Proper configuration of your AI Agent is crucial for optimal performance. Each setting affects how your Agent communicates and processes information.
Core Settings
1. Select Language
Choose the primary language for your AI Agent’s interactions.2. Select Model
Choose the AI model that will power your Agent’s intelligence.
OpenAI Models
GPT-4.1
Highest intelligence- Ideal for complex tasks and advanced instruction following
- Supports up to 1 million tokens for extensive context handling
- Excels in reasoning, and long-context comprehension
- Suitable for use in Agentic AI Agents
- Best choice for tool integration and sophisticated applications
GPT-4.1-mini
Balanced intelligence and performance- Faster responses with lower latency compared to GPT-4.1
- Maintains support for up to 1 million tokens
- Handles moderately complex instructions effectively
- Suitable for applications requiring a balance between performance and cost
- Can be used in Agentic AI Agents
GPT-4.1-nano
Lightweight and cost-effective- Fastest response times among the GPT-4.1 models
- Supports up to 1 million tokens for context
- Optimized for simple tasks like classification and autocomplete
- Not suitable for complex instruction following or tool integration
- Best for applications where speed and cost are prioritized over advanced capabilities
GPT-4o
Higher intelligence- First for use with complex instructions in the system prompt of a Simple AI Agent. In an Agentic AI Agent, this model is used by default
- Slower responses, higher latency
- Better understanding
- Higher accuracy, handles out of context queries better
- Optimal for using with tools
GPT-4o Mini
Lower intelligence, budget-friendly- Faster responses, lower latency
- Simple system prompt with less complex instructions
- Limited performance with tools
- Best for simple queries
- Not supported in Agentic AI Agents
Realtime Models
Realtime models are optimized for low-latency, real-time conversational experiences. These models enable natural, fluid interactions with minimal delay.OpenAI Realtime Models
GPT-Realtime
Latest OpenAI realtime model- Ultra-low latency for real-time voice conversations
- Optimized for natural, fluid dialogue
- Supports streaming responses with minimal delay
- Ideal for voice-based AI agents and live customer interactions
- Handles context switches and interruptions gracefully
GPT-Realtime-2025-08-28
Dated version of OpenAI realtime model- Specific snapshot of the realtime model from August 28, 2025
- Provides consistency for applications requiring a fixed model version
- Same low-latency capabilities as GPT-Realtime
- Use when you need version stability and predictable behavior
GPT-4o-Realtime-Preview
Preview version of GPT-4o realtime capabilities- Combines GPT-4o intelligence with realtime processing
- Enhanced reasoning capabilities in real-time scenarios
- Better handling of complex, multi-turn conversations
- Preview status means features and performance may evolve
Google Gemini Realtime Models
Gemini-2.0-Flash-Live-001
Google’s fast realtime model- Optimized for speed and low latency
- Excellent for live voice interactions
- Fast response times suitable for conversational AI
- Supports multimodal inputs in real-time scenarios
Gemini-Live-2.5-Flash-Preview
Enhanced preview version of Gemini Live- Latest preview of Google’s realtime capabilities
- Improved performance and features over 2.0
- Better context understanding in live conversations
- Preview status indicates ongoing improvements
Realtime models are specifically designed for voice-based AI agents and scenarios requiring immediate responses.
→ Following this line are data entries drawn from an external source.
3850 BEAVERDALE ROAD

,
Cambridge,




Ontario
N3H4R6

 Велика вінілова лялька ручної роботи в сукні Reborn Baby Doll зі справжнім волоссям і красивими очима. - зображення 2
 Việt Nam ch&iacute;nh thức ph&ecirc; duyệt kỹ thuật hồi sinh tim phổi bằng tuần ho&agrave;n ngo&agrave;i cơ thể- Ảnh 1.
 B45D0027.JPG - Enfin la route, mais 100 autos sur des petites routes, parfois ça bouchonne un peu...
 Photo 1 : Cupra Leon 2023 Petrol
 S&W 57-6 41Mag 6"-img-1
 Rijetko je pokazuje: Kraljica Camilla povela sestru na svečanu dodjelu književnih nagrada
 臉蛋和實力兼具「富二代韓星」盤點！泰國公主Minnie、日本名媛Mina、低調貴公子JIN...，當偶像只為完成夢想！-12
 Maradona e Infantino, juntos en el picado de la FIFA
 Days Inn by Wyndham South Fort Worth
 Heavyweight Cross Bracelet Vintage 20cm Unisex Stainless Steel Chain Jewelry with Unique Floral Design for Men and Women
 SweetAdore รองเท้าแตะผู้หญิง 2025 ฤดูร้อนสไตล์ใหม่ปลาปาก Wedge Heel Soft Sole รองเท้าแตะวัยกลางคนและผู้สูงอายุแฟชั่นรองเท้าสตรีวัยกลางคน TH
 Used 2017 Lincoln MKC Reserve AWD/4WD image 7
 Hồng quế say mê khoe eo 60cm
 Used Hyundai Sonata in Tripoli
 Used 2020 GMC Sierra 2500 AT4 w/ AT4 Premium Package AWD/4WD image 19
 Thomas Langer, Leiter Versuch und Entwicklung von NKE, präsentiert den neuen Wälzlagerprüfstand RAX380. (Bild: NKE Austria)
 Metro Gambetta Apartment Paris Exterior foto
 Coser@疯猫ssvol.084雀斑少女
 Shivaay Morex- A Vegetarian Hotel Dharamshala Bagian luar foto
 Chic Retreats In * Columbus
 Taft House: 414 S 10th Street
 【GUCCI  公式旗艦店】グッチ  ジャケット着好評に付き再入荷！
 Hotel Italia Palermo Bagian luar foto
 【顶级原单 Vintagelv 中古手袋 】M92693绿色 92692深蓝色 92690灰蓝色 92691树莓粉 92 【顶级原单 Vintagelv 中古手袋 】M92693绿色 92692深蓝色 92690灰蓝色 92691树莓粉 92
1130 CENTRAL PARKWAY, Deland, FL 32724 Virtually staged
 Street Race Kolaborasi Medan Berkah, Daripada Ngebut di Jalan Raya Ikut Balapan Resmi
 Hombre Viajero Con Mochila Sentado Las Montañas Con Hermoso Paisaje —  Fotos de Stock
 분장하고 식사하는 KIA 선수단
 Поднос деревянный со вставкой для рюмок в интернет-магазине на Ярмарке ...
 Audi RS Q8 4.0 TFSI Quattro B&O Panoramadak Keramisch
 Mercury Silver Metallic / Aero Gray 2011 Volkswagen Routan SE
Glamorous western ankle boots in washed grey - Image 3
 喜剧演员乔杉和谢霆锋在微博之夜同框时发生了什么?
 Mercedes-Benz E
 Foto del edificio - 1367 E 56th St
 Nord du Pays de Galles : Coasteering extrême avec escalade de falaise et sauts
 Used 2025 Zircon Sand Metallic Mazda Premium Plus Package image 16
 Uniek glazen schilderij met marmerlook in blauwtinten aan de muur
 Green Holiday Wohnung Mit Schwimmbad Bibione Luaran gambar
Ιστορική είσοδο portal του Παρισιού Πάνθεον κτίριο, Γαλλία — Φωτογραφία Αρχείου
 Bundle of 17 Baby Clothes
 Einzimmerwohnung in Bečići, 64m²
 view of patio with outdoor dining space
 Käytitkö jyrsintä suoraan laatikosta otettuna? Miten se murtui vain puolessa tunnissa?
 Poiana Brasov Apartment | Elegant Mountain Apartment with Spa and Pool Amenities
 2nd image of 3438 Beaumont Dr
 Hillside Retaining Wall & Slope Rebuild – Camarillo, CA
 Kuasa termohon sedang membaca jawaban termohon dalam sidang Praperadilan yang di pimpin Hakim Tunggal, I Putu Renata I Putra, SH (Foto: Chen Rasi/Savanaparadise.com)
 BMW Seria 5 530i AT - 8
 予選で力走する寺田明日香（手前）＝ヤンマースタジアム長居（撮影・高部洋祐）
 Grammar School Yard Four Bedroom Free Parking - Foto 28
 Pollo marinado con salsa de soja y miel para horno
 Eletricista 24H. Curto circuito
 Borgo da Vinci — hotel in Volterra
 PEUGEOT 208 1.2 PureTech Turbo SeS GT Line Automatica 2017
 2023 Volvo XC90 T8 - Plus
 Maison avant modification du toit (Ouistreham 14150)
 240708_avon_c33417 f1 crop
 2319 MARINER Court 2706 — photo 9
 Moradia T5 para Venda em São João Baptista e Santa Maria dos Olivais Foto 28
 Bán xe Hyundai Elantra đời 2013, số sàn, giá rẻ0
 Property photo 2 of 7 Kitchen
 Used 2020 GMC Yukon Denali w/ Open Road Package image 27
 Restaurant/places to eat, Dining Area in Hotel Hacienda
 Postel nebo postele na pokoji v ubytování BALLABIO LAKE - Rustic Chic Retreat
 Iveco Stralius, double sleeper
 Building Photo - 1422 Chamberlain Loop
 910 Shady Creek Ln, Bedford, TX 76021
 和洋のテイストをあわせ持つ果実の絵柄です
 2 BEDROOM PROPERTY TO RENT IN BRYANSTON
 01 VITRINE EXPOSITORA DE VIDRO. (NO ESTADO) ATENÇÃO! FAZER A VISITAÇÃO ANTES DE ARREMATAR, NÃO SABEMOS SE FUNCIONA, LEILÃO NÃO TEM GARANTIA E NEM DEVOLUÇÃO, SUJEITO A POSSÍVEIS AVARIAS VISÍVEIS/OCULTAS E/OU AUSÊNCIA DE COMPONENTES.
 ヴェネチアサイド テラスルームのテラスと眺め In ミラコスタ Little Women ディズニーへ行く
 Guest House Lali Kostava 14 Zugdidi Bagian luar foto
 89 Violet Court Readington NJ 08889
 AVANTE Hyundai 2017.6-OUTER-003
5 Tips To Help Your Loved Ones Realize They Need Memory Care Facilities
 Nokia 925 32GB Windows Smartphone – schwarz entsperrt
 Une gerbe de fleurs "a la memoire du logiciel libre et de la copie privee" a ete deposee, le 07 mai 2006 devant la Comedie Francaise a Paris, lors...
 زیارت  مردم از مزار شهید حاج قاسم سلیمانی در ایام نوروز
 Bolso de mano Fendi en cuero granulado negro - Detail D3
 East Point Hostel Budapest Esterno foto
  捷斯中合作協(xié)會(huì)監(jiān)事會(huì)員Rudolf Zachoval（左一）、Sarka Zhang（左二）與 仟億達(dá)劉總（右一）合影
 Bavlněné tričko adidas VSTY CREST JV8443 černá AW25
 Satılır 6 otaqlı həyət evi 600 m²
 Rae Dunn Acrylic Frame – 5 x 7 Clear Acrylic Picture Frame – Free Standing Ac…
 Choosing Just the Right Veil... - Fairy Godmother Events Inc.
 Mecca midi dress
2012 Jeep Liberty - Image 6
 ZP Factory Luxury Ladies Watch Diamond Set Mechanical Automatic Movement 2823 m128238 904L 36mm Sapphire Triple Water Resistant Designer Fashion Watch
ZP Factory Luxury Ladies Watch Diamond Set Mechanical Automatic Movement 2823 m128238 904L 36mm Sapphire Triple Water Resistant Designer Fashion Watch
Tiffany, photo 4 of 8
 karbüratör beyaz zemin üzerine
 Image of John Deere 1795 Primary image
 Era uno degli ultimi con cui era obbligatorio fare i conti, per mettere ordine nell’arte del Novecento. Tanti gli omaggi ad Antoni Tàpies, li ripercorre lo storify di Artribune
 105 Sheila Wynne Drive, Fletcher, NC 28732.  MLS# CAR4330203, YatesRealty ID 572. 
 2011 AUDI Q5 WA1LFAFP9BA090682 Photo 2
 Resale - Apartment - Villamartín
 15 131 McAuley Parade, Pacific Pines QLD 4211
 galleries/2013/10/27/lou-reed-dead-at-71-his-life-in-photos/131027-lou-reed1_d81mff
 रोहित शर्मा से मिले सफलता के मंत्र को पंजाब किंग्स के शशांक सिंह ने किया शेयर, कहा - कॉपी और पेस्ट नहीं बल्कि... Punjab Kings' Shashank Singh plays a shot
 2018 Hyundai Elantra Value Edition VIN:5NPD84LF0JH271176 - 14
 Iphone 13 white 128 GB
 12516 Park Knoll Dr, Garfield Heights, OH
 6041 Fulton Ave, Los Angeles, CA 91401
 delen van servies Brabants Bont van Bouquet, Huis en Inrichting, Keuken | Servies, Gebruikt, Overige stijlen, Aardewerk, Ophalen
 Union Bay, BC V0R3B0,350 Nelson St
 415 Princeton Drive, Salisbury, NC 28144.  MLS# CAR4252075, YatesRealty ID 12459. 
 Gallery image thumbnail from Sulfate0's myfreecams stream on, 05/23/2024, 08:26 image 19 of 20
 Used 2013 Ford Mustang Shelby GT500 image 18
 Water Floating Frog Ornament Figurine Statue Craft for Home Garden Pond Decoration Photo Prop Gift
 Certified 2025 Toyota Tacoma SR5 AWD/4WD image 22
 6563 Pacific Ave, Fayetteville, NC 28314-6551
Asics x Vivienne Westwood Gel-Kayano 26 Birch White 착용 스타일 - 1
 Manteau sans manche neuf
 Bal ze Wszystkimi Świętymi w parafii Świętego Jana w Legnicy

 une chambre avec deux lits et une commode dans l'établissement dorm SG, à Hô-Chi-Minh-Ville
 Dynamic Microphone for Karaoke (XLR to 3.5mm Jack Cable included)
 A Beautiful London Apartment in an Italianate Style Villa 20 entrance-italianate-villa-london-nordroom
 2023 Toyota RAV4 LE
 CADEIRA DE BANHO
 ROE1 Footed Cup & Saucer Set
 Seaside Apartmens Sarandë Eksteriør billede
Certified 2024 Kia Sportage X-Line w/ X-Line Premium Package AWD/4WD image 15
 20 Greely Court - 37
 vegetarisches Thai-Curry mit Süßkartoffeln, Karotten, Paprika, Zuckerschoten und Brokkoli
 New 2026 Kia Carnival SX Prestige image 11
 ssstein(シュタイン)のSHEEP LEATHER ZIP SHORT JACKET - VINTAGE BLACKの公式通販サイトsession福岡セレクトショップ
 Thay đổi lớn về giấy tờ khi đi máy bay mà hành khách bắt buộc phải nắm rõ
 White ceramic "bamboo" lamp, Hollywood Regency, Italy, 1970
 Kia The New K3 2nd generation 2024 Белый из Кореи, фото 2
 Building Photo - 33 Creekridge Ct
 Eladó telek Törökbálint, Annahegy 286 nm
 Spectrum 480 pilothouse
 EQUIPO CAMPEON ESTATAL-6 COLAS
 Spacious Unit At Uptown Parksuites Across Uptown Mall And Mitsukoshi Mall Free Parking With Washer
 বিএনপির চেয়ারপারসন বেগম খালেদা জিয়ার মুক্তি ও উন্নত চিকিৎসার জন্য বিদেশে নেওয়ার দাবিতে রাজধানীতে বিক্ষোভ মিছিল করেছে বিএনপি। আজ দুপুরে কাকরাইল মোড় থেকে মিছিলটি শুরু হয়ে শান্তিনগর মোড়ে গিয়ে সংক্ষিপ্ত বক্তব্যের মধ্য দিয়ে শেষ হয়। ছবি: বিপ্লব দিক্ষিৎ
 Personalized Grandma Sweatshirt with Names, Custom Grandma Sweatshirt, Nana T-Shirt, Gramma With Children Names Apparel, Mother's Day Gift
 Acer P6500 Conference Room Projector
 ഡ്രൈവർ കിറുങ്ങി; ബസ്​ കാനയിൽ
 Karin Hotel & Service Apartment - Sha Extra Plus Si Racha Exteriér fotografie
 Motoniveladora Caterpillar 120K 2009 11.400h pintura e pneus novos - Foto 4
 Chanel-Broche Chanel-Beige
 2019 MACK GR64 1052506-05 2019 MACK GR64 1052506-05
They prioritize low latency and natural conversation flow over complex reasoning tasks.
Groq Models
Groq models are open-source models powered by Groq’s high-performance inference infrastructure, offering exceptional speed and cost-effectiveness.Groq Llama 3.3 70B Versatile
High-performance open-source model- 70 billion parameters with optimized transformer architecture
- 128K token context window for extensive context handling
- Strong instruction following and tool use capabilities
- Fast inference powered by Groq’s infrastructure
Groq Llama 3.1 8B Instant
Fast and budget-friendly open-source model- 8 billion parameters optimized for instant responses
- 128K token context window
- Ultra-fast inference for real-time applications
- Ideal for applications requiring quick responses without complex reasoning
Groq models leverage Groq’s specialized LPU (Language Processing Unit) architecture to deliver exceptional inference speed, making them ideal for high-throughput applications and real-time use cases.
Verbex Models
Verbex Bangla Mini
Bengali-specialized model- Optimized for Bengali language tasks and tool-calling scenarios
- Handles Bengali text and tool interactions effectively
- Suitable for building conversational agents that need to interact with external systems in Bengali
- Faster than GPT-4o, GPT-4.1 model
- Best for Bengali language tasks and tool-calling scenarios
Custom Model
Verbex support OpenAI compatible custom LLM models. You can use any LLM that is supported by OpenAI compatible models. Before adding a custom model to Verbex, keep in mind that:- The model should be OpenAI compatible.
- The model should support streaming responses.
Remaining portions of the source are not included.